TTL (Time To Live) in seconds, where zero is disabled. The maximum configurable value is 630720000 (20 years). Beginning in 2018, the expiration timestamp can exceed the maximum value supported by the storage engine; see the warning below. If the value is greater than zero, TTL is enabled for the entire table and an expiration timestamp is added to each column. A new TTL timestamp is calculated each time the data is updated and the row is removed after all the data expires.

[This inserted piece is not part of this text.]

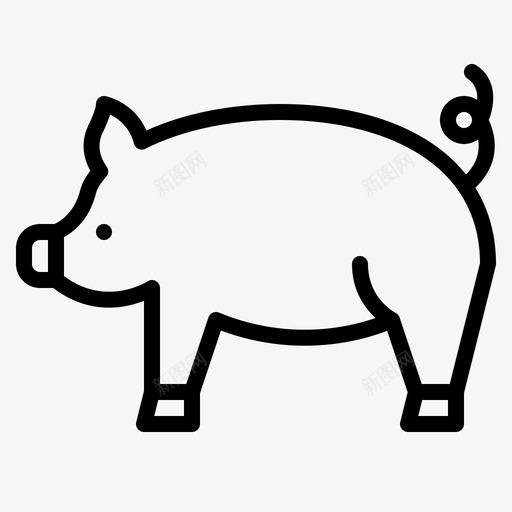 猪动物44轮廓svg_新图网 https://ixintu.com 动物 轮廓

Default value: 0 (disabled).

The database storage engine can only encode TTL timestamps through January 19 2038 03:14:07 UTC due to the Year 2038 problem. The TTL date overflow policy determines whether requests with expiration timestamps later than the maximum date are rejected or inserted.

gc_grace_seconds

Seconds after data is marked with a tombstone (deletion marker) before it is eligible for garbage-collection. Default value: 864000 (10 days). The default value allows time for the database to maximize consistency prior to deletion.

Tombstoned records within the grace period are excluded from hints or batched mutations.

In a single-node cluster, this property can safely be set to zero. You can also reduce this value for tables whose data is not explicitly deleted — for example, tables containing only data with TTL set, or tables with default_time_to_live set. However, if you lower the gc_grace_seconds value, consider its interaction with these operations:

  • hint replays: When a node goes down and then comes back up, other nodes replay the write operations (called hints) that are queued for that node while it was unresponsive. The database does not replay hints older than gc_grace_seconds after creation. The max_hint_window setting in the cassandra.yaml file sets the time limit (3 hours by default) for collecting hints for the unresponsive node.

  • batch replays: Like hint queues, batch operations store database mutations that are replayed in sequence. As with hints, the database does not replay a batched mutation older than gc_grace_seconds after creation. If your application uses batch operations, consider the possibility that decreasing gc_grace_seconds increases the chance that a batched write operation may restore deleted data. The configuration/cass_yaml_file.html#batchlog_replay_throttle[batchlog_replay_throttle] property in the cassandra.yaml file give some control of the batch replay process. The most important factors, however, are the size and scope of the batches you use.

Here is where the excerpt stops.